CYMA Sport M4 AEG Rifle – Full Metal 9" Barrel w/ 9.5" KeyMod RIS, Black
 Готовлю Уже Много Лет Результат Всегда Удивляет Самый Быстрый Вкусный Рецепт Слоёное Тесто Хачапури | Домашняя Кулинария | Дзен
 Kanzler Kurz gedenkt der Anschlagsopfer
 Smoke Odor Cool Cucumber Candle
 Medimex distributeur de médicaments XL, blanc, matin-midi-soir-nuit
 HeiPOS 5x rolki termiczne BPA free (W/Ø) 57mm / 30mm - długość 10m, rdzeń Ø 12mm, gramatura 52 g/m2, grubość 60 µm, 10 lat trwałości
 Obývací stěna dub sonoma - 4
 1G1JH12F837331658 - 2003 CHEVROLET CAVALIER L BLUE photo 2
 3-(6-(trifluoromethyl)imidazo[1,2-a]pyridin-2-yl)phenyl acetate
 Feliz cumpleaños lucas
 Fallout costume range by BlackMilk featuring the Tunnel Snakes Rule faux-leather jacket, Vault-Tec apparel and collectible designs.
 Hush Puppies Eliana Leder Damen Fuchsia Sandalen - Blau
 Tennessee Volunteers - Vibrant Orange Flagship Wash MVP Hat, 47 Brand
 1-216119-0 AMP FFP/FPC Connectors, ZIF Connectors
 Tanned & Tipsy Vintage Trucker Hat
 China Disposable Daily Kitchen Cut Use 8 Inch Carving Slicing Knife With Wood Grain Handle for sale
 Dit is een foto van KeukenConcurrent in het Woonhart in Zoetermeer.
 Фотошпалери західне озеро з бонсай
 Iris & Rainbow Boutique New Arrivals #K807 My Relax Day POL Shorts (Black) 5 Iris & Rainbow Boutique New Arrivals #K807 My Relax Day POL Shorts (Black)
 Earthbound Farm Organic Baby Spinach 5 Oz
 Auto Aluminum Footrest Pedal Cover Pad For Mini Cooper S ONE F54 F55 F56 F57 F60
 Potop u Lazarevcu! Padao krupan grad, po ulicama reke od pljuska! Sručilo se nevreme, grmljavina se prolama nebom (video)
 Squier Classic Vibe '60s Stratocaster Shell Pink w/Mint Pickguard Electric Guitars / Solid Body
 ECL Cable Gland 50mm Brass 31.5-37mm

Exercise description = Type out the whole of the data again, exactly as shown.

Answer to this task =
CYMA Sport M4 AEG Rifle – Full Metal 9" Barrel w/ 9.5" KeyMod RIS, Black
 Готовлю Уже Много Лет Результат Всегда Удивляет Самый Быстрый Вкусный Рецепт Слоёное Тесто Хачапури | Домашняя Кулинария | Дзен
 Kanzler Kurz gedenkt der Anschlagsopfer
 Smoke Odor Cool Cucumber Candle
 Medimex distributeur de médicaments XL, blanc, matin-midi-soir-nuit
 HeiPOS 5x rolki termiczne BPA free (W/Ø) 57mm / 30mm - długość 10m, rdzeń Ø 12mm, gramatura 52 g/m2, grubość 60 µm, 10 lat trwałości
 Obývací stěna dub sonoma - 4
 1G1JH12F837331658 - 2003 CHEVROLET CAVALIER L BLUE photo 2
 3-(6-(trifluoromethyl)imidazo[1,2-a]pyridin-2-yl)phenyl acetate
 Feliz cumpleaños lucas
 Fallout costume range by BlackMilk featuring the Tunnel Snakes Rule faux-leather jacket, Vault-Tec apparel and collectible designs.
 Hush Puppies Eliana Leder Damen Fuchsia Sandalen - Blau
 Tennessee Volunteers - Vibrant Orange Flagship Wash MVP Hat, 47 Brand
 1-216119-0 AMP FFP/FPC Connectors, ZIF Connectors
 Tanned & Tipsy Vintage Trucker Hat
 China Disposable Daily Kitchen Cut Use 8 Inch Carving Slicing Knife With Wood Grain Handle for sale
 Dit is een foto van KeukenConcurrent in het Woonhart in Zoetermeer.
 Фотошпалери західне озеро з бонсай
 Iris & Rainbow Boutique New Arrivals #K807 My Relax Day POL Shorts (Black) 5 Iris & Rainbow Boutique New Arrivals #K807 My Relax Day POL Shorts (Black)
 Earthbound Farm Organic Baby Spinach 5 Oz
 Auto Aluminum Footrest Pedal Cover Pad For Mini Cooper S ONE F54 F55 F56 F57 F60
 Potop u Lazarevcu! Padao krupan grad, po ulicama reke od pljuska! Sručilo se nevreme, grmljavina se prolama nebom (video)
 Squier Classic Vibe '60s Stratocaster Shell Pink w/Mint Pickguard Electric Guitars / Solid Body
 ECL Cable Gland 50mm Brass 31.5-37mm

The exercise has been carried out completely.